Re 1: If you predict well in the hold out sample then you're doing well (no time to worry about propriety ;-) But since you're asking...

One way to look at the threshold is that when you set it to 0.1 you are implicitly specifying a loss function. That is, separating the question of what to do (e.g. approach a customer) from what to infer (e.g. that the probability is of 1 is 0.15). Indeed, you might make this separation a bit more explicit in your question. For example, you talk about needing to approach 5% of some people for something to be worthwhile. And then about how well you can predict cases. Is the issue that to approach the `right' 5% (presumably the true '1's) you might have to approach many more (true '0's) to no effect? Then the cost of approach is relevant and the threshold should be set to minimise loss. But you also say you can predict the held out cases well when the threshold is set at 0.1...

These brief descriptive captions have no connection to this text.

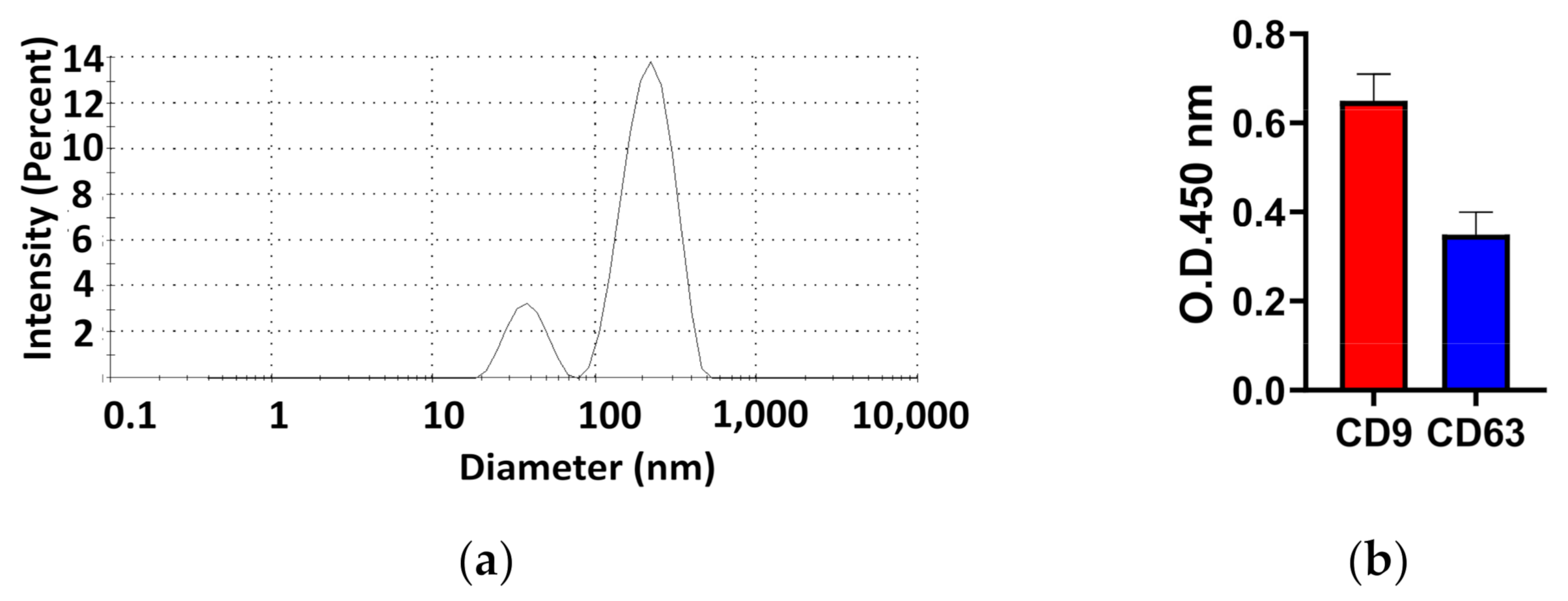 Biosensors 11 00164 g001 Biosensors 11 00164 g001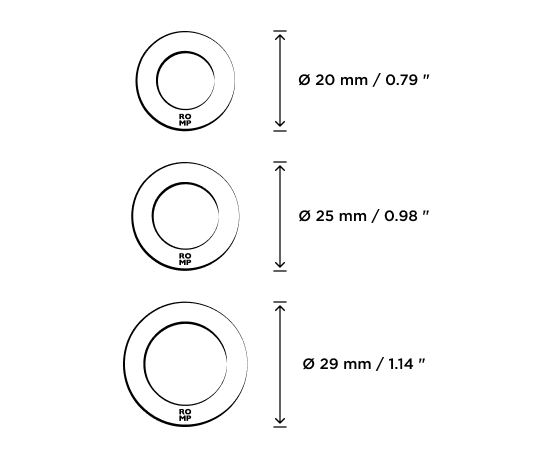 ROMP Remix Trio Specification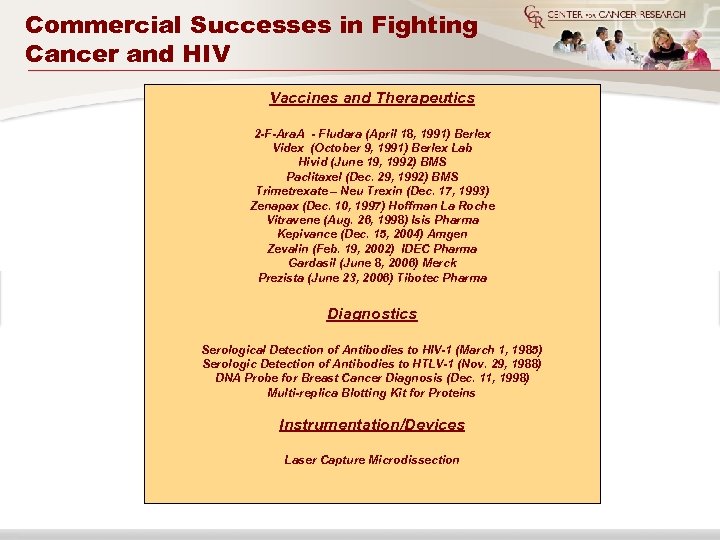 Commercial Successes in Fighting Cancer and HIV Vaccines and Therapeutics 2 -F-Ara. A -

Re 2: The cause of low probabilities is an unbalanced category distribution. This may cause estimation problems, though don't automatically assume that it will. If it does you can often correct them quite easily by changing the training data set structure and correcting parameters or in other ways. There's some discussion here, a link to a good paper, and much more discussion elsewhere in the site - just search for 'unbalanced sample'.